Parallrl calculations for Deep learning Toolbox
2 views (last 30 days)
I have problem with parallel calculations for YOLO detector based on Resnet-50 network.
For the learning task, I use a virtual machine with 32 cores without connected GPU. In the settings of Parallel preferences, I picked 8 as the number of workers.
After running the code, I get the following error:
Error using nnet.internal.cnn.DistributedDispatcher (line 79)
'nnet.internal.cnn.GeneralDatastoreDispatcher' does not support order-preserving distribution.
Error in nnet.internal.cnn.DataDispatcherFactory>iCreateDistributedDispatcherIfRequired (line 204)
dispatcher = nnet.internal.cnn.DistributedDispatcher( dispatcher, executionSettings.workerLoad, retainDataOrder );
Error in nnet.internal.cnn.DataDispatcherFactory.createDataDispatcherMIMO (line 176)
dispatcher = iCreateDistributedDispatcherIfRequired(...
Error in vision.internal.cnn.trainNetwork>iCreateTrainingDataDispatcher (line 180)
dispatcher = nnet.internal.cnn.DataDispatcherFactory.createDataDispatcherMIMO( ...
Error in vision.internal.cnn.trainNetwork (line 34)
trainingDispatcher = iCreateTrainingDataDispatcher(ds, mapping, trainedNet,...
Error in trainYOLOv2ObjectDetector>iTrainYOLOv2 (line 391)
[yolov2Net, info] = vision.internal.cnn.trainNetwork(...
Error in trainYOLOv2ObjectDetector (line 187)
[net, info] = iTrainYOLOv2(ds, lgraph, params, mapping, options, checkpointSaver);
Error in YOLO_Multi_ver (line 83)
[detector,info] = trainYOLOv2ObjectDetector(preprocessedTrainingData,lgraph,options);
My traning options is
trainingOptions('sgdm','MiniBatchSize', 16, 'InitialLearnRate',1e-3, 'MaxEpochs',20, 'CheckpointPath', tempdir, 'Shuffle','never','ExecutionEnvironment', 'parallel');
Joss Knight on 19 Apr 2020
Sorry about this not-very-good error, which should be fixed in the current release.
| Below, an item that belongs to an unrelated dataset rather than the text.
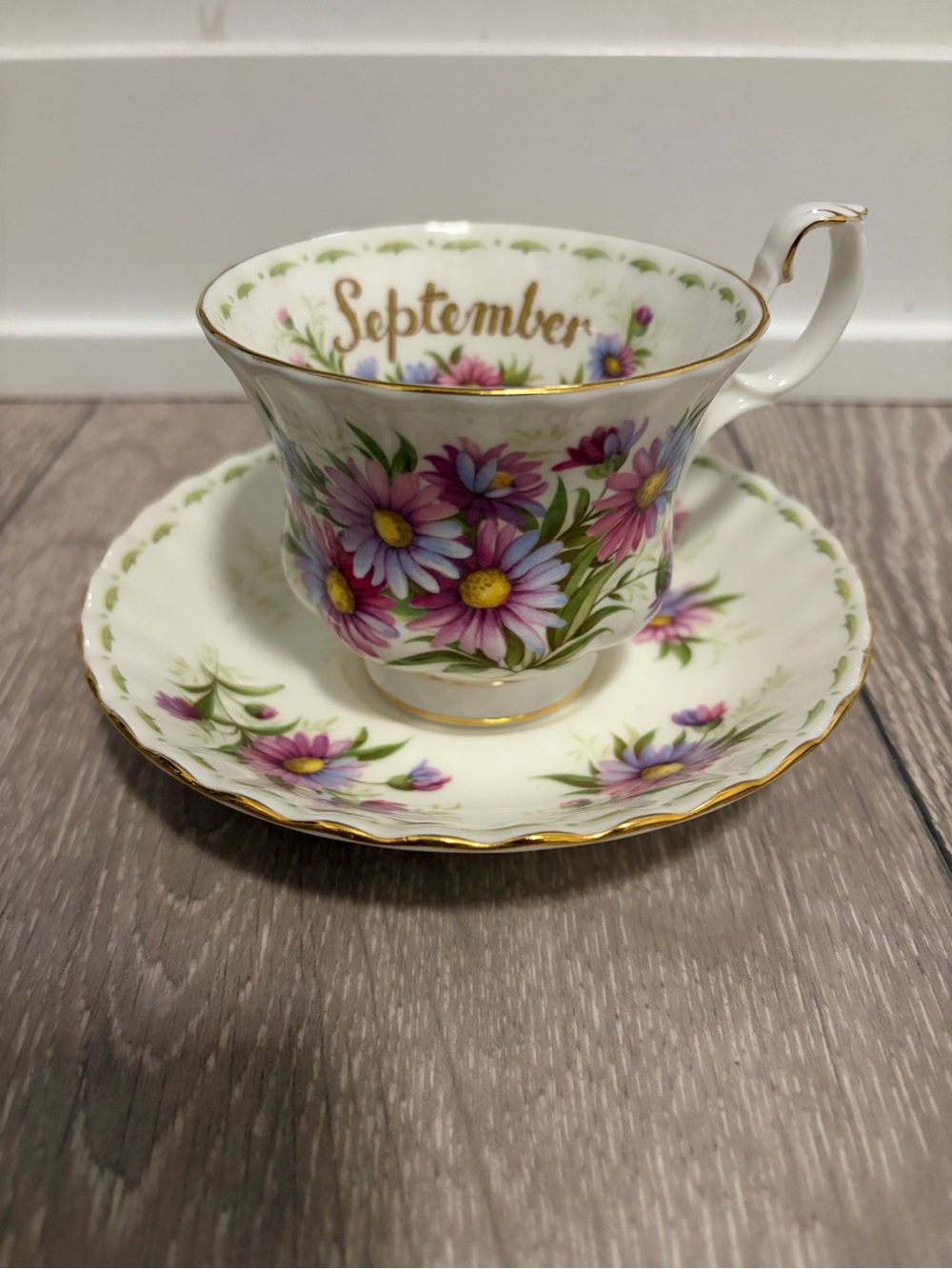 Royal Albert White Teacup and Saucer with Pink and Purple Floral Design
What it means is that 'Shuffle', 'never' is not supported for your input data when training in parallel, because when the data is distributed to your GPUs there is no way to ensure that it is divided in such a way that the exact same sequence of observations is read. To fix it, change to 'Shuffle', 'once'.